Accounting for Taste: The Triumph of French Cuisine
By: Priscilla Parkhurst Ferguson
Format/Source: eBook; free download from the University of Chicago Press
French cuisine is such a staple in our understanding of fine food that we forget the accidents of history that led to its creation. Accounting for Taste brings these “accidents” to the surface, illuminating the magic of French cuisine and the mystery behind its historical development. Priscilla Parkhurst Ferguson explains how the food of France became French cuisine.
This momentous culinary journey begins with Ancien Régime cookbooks and ends with twenty-first-century cooking programs. It takes us from Carême, the “inventor” of modern French cuisine in the early nineteenth century, to top chefs today, such as Daniel Boulud and Jacques Pépin. Not a history of French cuisine, Accounting for Taste focuses on the people, places, and institutions that have made this cuisine what it is today: a privileged vehicle for national identity, a model of cultural ascendancy, and a pivotal site where practice and performance intersect. With sources as various as the novels of Balzac and Proust, interviews with contemporary chefs such as David Bouley and Charlie Trotter, and the film Babette’s Feast, Ferguson maps the cultural field that structures culinary affairs in France and then exports its crucial ingredients. What’s more, well beyond food, the intricate connections between cuisine and country, between local practice and national identity, illuminate the concept of culture itself.
I learned that the University of Chicago Press was issuing a free download of this book for the month through a blogger so I decided to check it out. The focus is especially interesting, that of cuisine and its reflection on national identity, culture, and sense of history (very much hitting all of the notes of academic interest on my part 😉 ). In a more general sense, it focuses on food in a social context: who we are, how we associate ourselves with our cuisines. It’s always great to see scholars look at food in a historical and social context; I remember in my undergrad there were a few historians at the department who had written books about food in different cultures.
As the title indicates, this book focuses on French cuisine, but a lot of the analysis I think can be applied to other cultures as well. Something that struck me as I was reading this book was how eating was seen as an intellectual activity as well, which is something I would have never considered; I wish I had saved the page where the narrative was talking about this in particular, it was rather fascinating. The author uses a variety of sources to discuss the development and impact of French cuisine over the last few centuries, from primary sources of pamphlets and newspapers and other sources from the time to French literature, in which foods come up quite frequently (something I never realised when I was reading some of the classics last year). By the last chapter, the narrative turns to the present and the current challenges that French society faces in terms of their cuisine and the advent of globalisation.
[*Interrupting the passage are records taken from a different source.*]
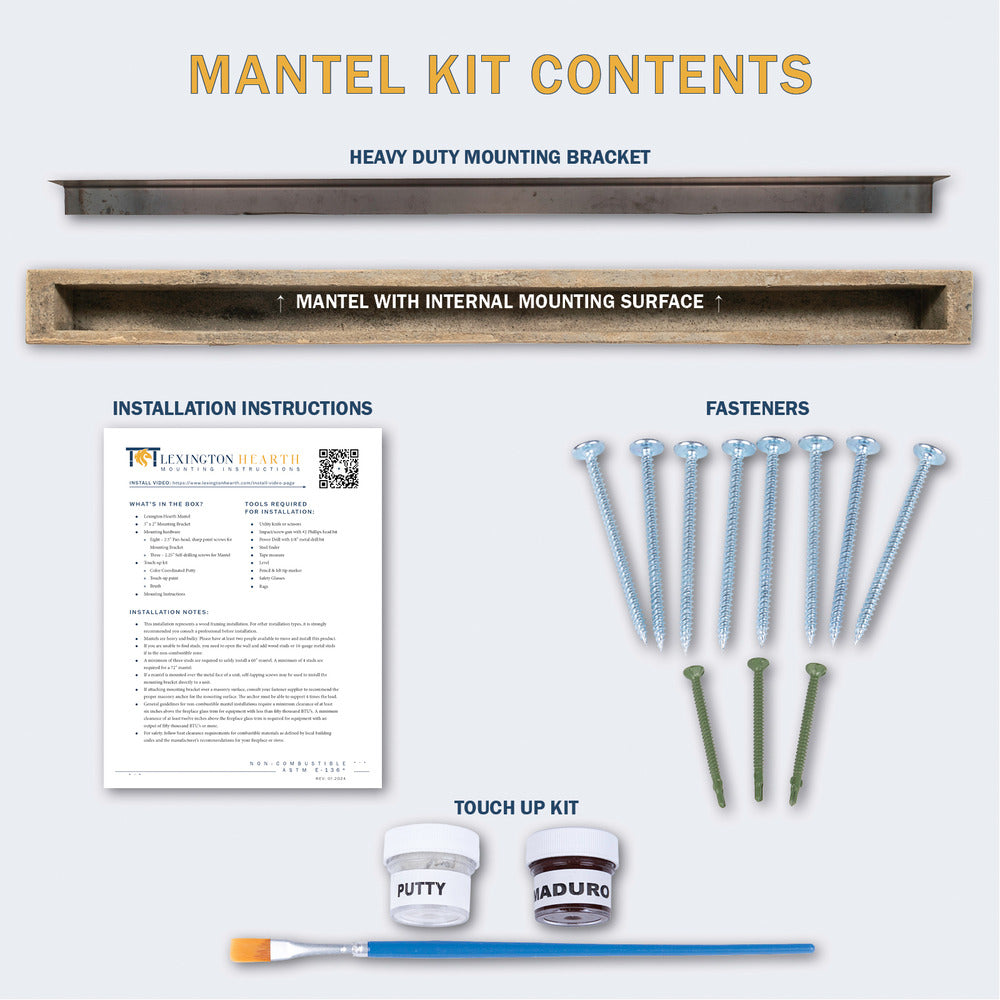 Rockface Mantel Kit Contents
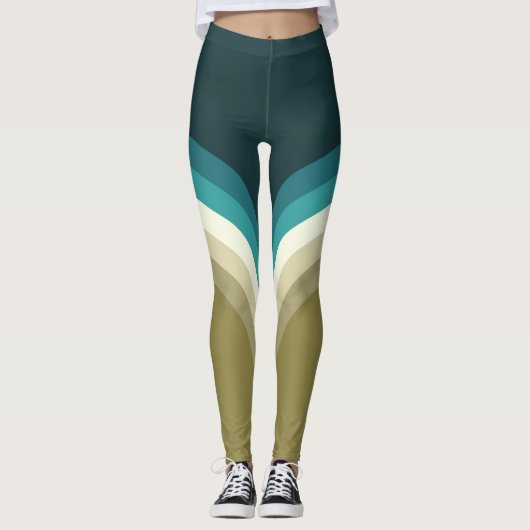 Doppelbogendekoration im Retrostil Leggings (Vorderseite)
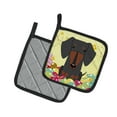 thumbnail image 2 of Easter Dachshund Black Tan Pair of Pot Holders, 2 of 3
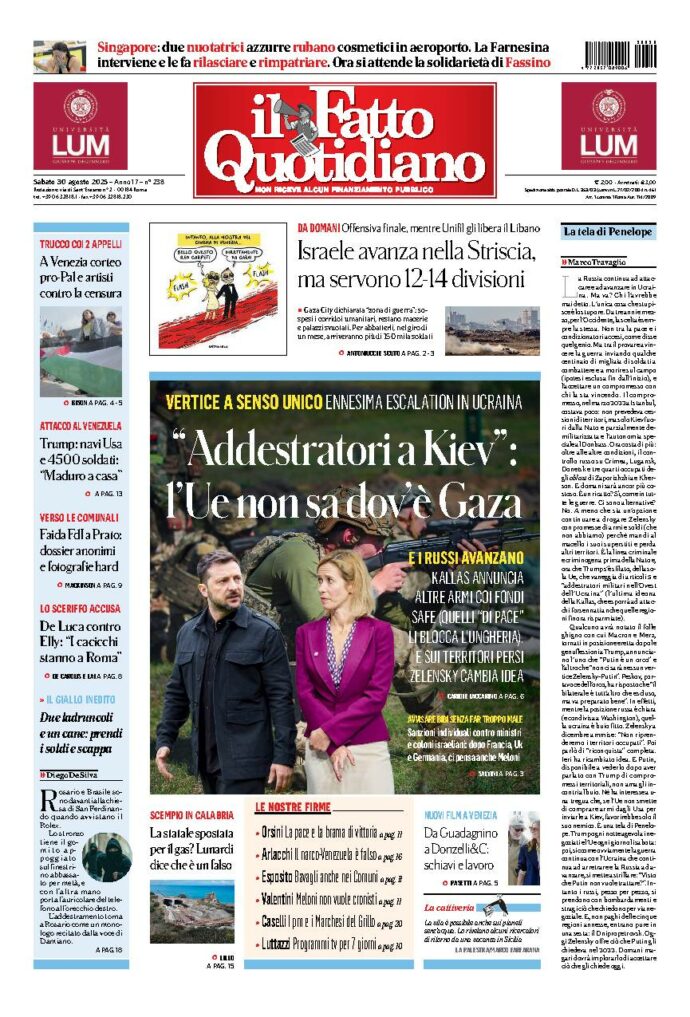 Copertina de Il Fatto Quotidiano di sabato 30 Agosto 2025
I honestly wish I had more time to read this novel more carefully and analyse it in an academic sense. But suffice to say, Accounting for Taste is a well-researched book and overall a fascinating read. I wish I had read this book as a physical copy of this book; it’s overall very interesting and I would have taken a lot of notes in this 😉 Readers of French history, books about cuisine, and books about national identity and society will want to check out this title.